K2Cr2O7 + 6NaI + 7H2SO4 --> Cr2(SO4)3 + 3I2 + 7H2O + 3Na2SO4 + K2SO4
Part1: You want to produce 1g of I2. The molecular mass of I2 is 2*126.90447g/mol = 253.80894/mol
1g I2 * (1mol / 253.80894g) = 0.00393997154mol I2
Now, using the balanced chemical equation, you can convert moles of I2 to moles of K2Cr2O7
0.00393997154mol I2 * (1mol K2Cr2O7 / 3mol I2) = 0.00131332385mol K2Cr2O7
Now, convert the moles of K2Cr2O7 back to mass, using its molecular mass 294.1846 g/mol.
0.00131332385mol K2Cr2O7 * (294.1846 g/mol) = 0.386359651g K2Cr2O4.
Part2: I'm going to assume the chemical reaction is Na + H2O --> NaOH + H2. Balancing this gives
2Na + 2H2O --> 2NaOH + H2
Since you have excess water, sodium is the limiting reagent.
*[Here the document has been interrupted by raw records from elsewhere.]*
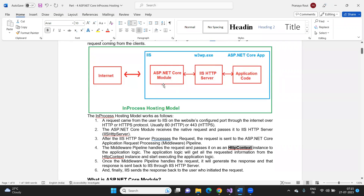So this is how ASP.NET Core in-process hosting works. The client sends the request to the IIS server. Inside IIS, the ASP.NET Core Module first receives the request — this module is required to serve the ASP.NET Core application in IIS. It transfers the request to the IIS HTTP server, which transfers it to the application code. The application code handles the request, generates the response, sends it back to the IIS HTTP server, which returns it to the ASP.NET Core Module, which returns the response to the client.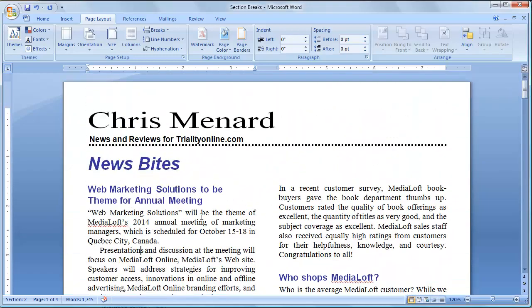So that's how you use Section Breaks Continuous to create newsletters. Thank you for your time. Please visit us at TrialityOnline.com.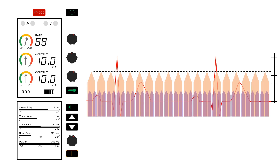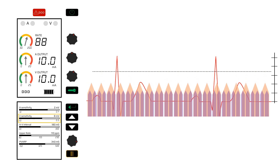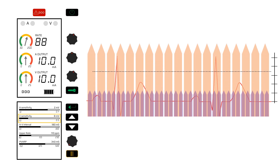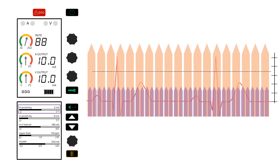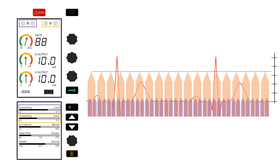In DDD, we set the sensitivity for the atrial and ventricular leads independently, as the voltage changes in these chambers are very different. We select which sensitivity to change using the up and down arrows on the pulse generator. Ideally, we want the atrial sensitivity set to detect P waves, and we want the ventricular sensitivity set to detect QRS complexes but not T waves. We can see if it's sensing appropriately by looking at the lights on the pulse generator and comparing this with the ECG.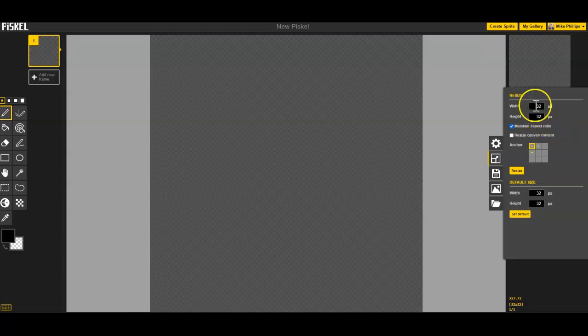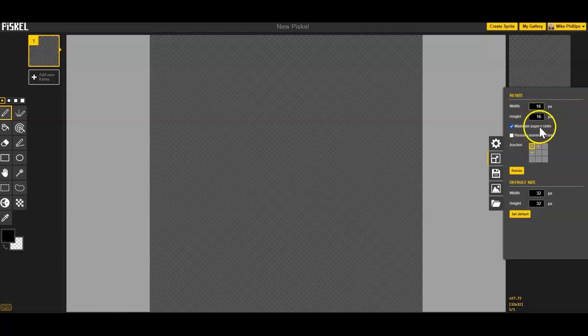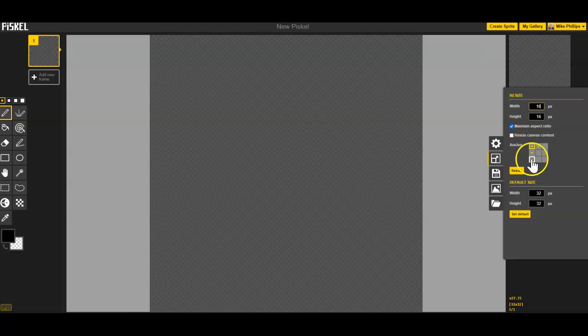By default it's going to make a canvas 32 by 32. We're going to change that 32 to 16. Because we have maintain aspect ratio checked, that's the default, it'll automatically make our height 16 pixels as well.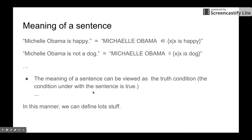So actually, the meaning of a sentence can be viewed as the truth condition. We have a truth value here. The truth condition is the condition under which the sentence is true. We can think about this as a truth value, or think about under what situation this will be true. In this manner, we can define a lot of things already.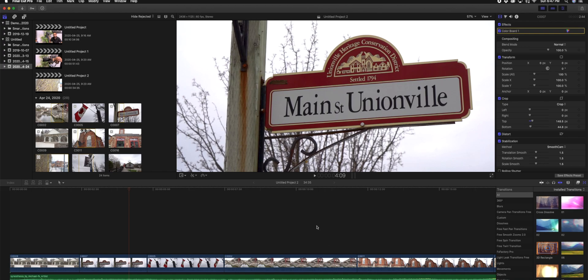Here we have Final Cut Pro launched and the first thing you'll notice is we have a video already in my timeline. I really like the position I'm at currently where we see the Main Street Unionville sign, so I'd like to take a picture of this.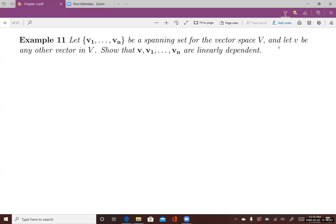This is an example of the relation between spanning set for a vector space and linear independence. Let's look at a set of vectors v1, v2, to vn. This set of vectors is a spanning set for the vector space V.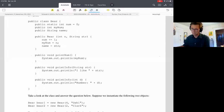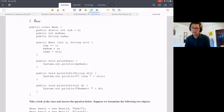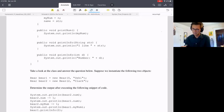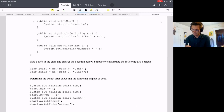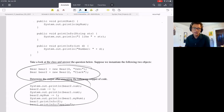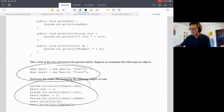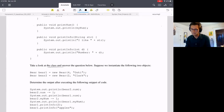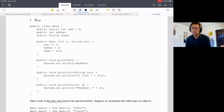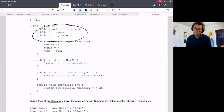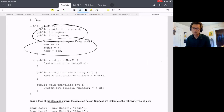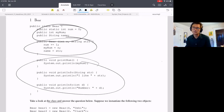The first question is giving you a class, and it's basically telling you to run some lines of code — we're doing a 'what would Java display.' We're going to run these two lines of code and then these seven lines thereafter, and you're supposed to write out what would be printed. So before we start, let's look at the class. This class has three parts: instance variables, a constructor, and three methods.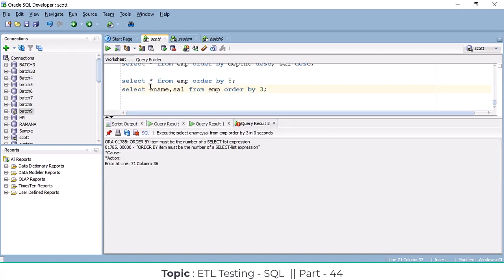This is a frequent interview question. They give you a statement and ask what the output is. The answer is it will throw an error because the number of columns referenced in ORDER BY are not available — only a single column is in the SELECT statement.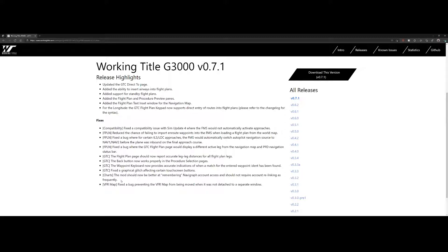If you're using Navigraph, this is probably the most important update: there's now an option to remember the account access, so you don't have to relink it each time. And lastly, there's a VFR map fix preventing the VFR map from being moved when it was not detached to a separate window.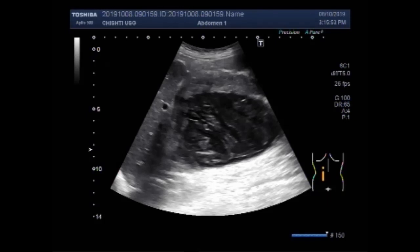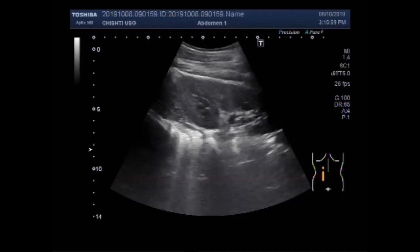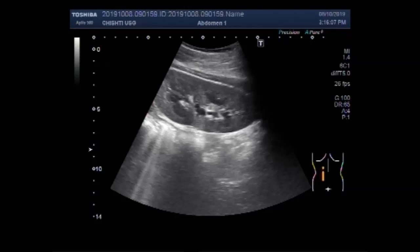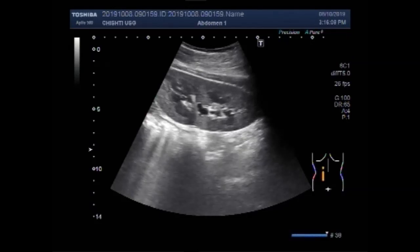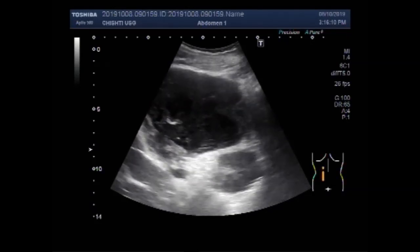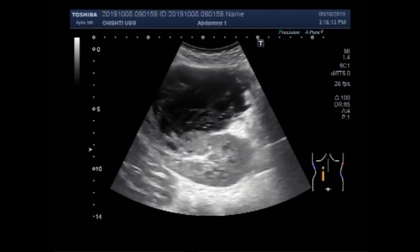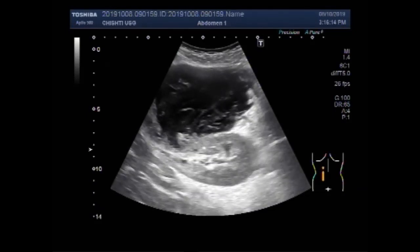Now you can see this mass. This is the left kidney and it looks ecographically normal. No sign of obstruction or stone is seen. Now you are going to see the right kidney.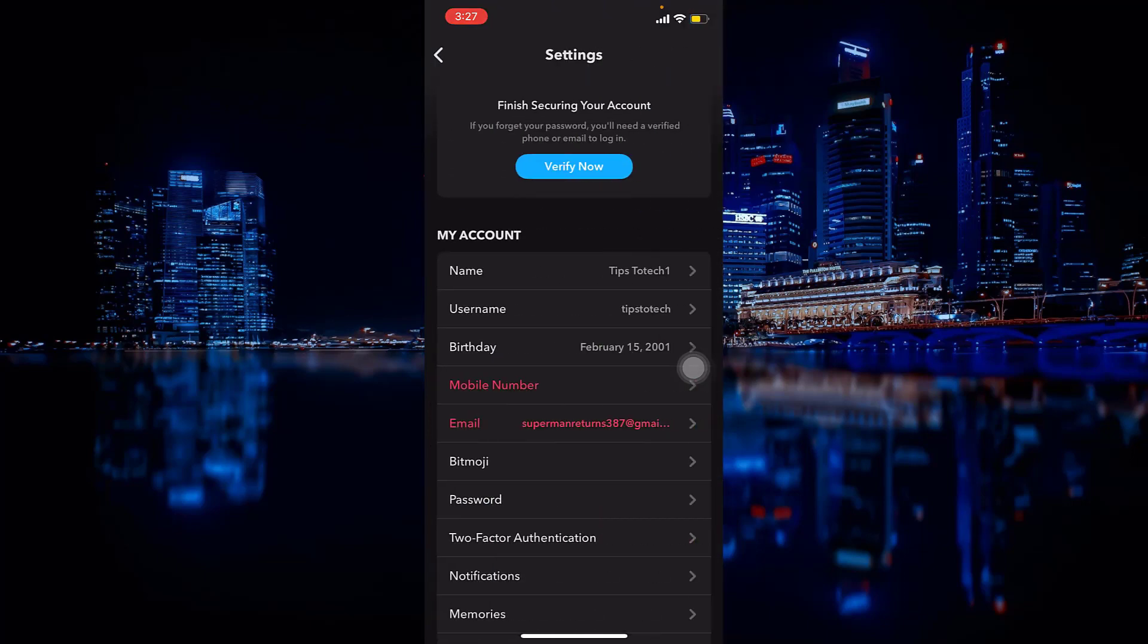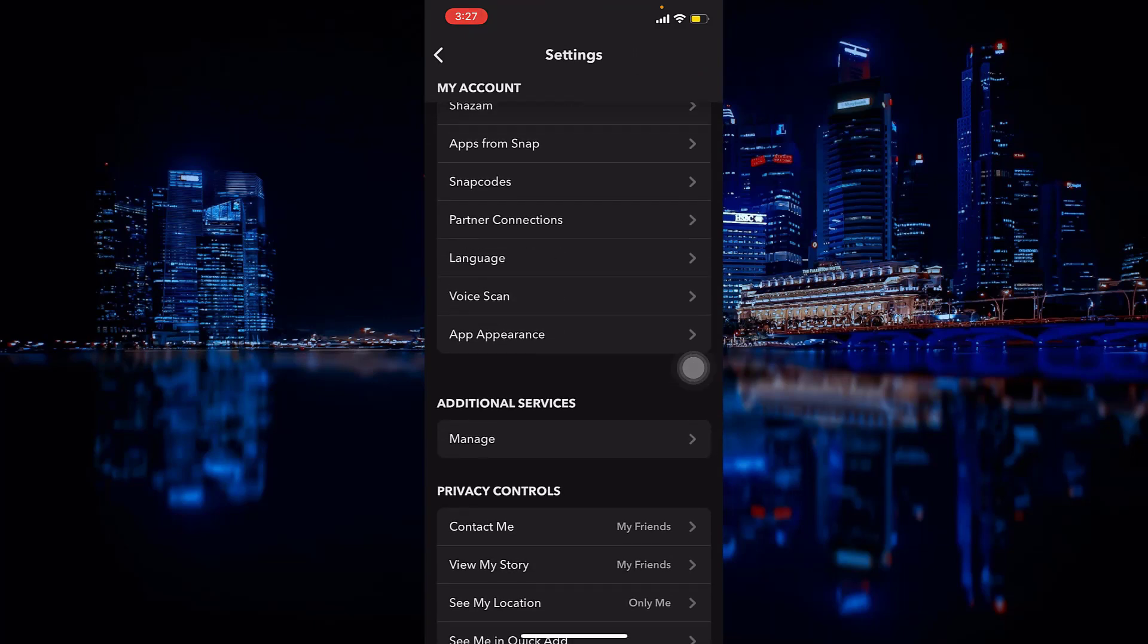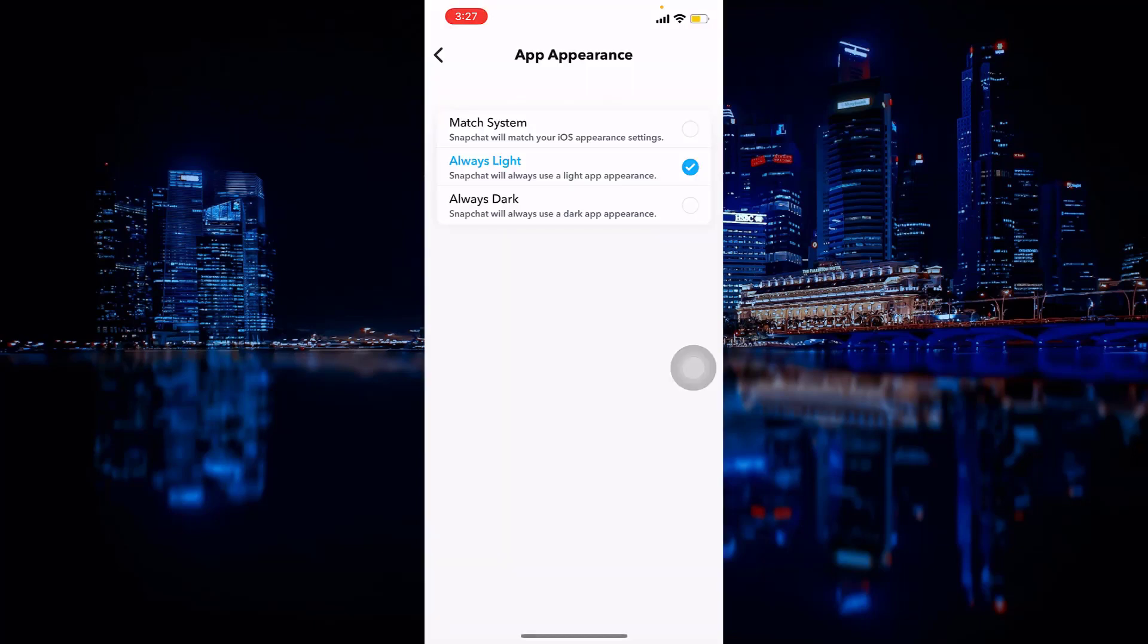Click on it, then scroll down to where it says App Appearance and click on it. You have to select Always Light. When you select always light, it will be in light mode again.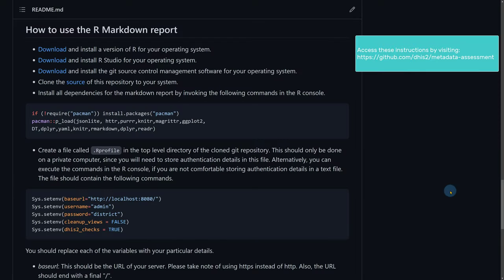In order to start the process of installing this report on your computer, you actually need to start by installing a couple of additional components. We're going to use software called R and RStudio in order to handle the processing of the report, and these need to be installed on your computer based on your OS. You can just follow these steps and install this to get it up and running on your own system.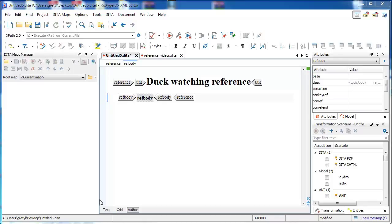In this video, we will learn how to create a properties table in a DITA reference topic. We will be using Oxygen XML Editor version 17 on a PC in author view.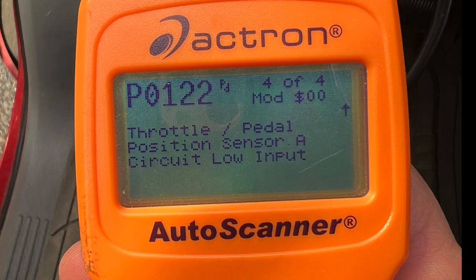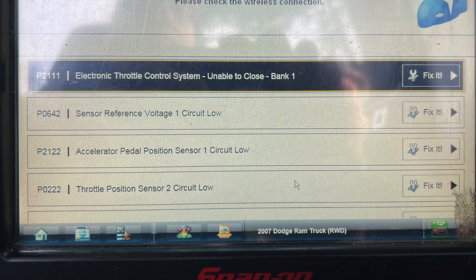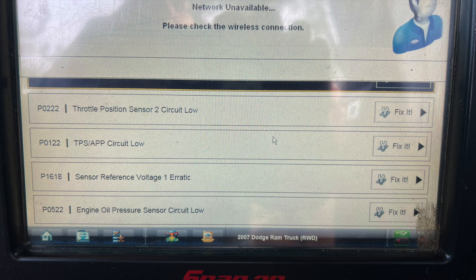About three weeks go by and the truck has the same problem again. Only this time when I went to look at it, it was now a crank, no-start situation. I break out the basic scan tool and see a code for the throttle position sensor and the oil pressure sensor again — the one we just replaced. I then break out the full-featured scan tool and find a bunch of codes the generic tool didn't pick up: throttle body codes, reference sensor voltage circuit low, accelerator pedal and throttle position sensor codes. That 'reference sensor voltage circuit low' was worrisome.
Its molecular mass is 22.99g/mol.
25g Na * (1mol / 22.99g) = 1.08742932mol Na.
Converting this to moles of Hydrogen gas using the equation, we get
1.08742932mol Na * (1mol H2 / 2 mol Na) = 0.54371466mol H2.
This is the theoretical yield.
Keeping this in mind for later, let's get the actual yield. Use the following equation, using the constant R=0.0821 and keeping in mind that NTP (Normal Temperature and Pressure) is equal to 293K and 1atm, respectively:
(1)(15.5) = n(0.0821)(293)
n = 15.5 / (0.0821 * 293) = 0.644348647mol H2
So, theoretical percentage yield refers to actual yield over theoretical yield.
If we crunch the numbers, TPY = (0.644348647/0.54371466) * 100% = 118.508603% yield.
It is strange that the percent yield is over 100%. I could have made an error, but I did my best to check my work.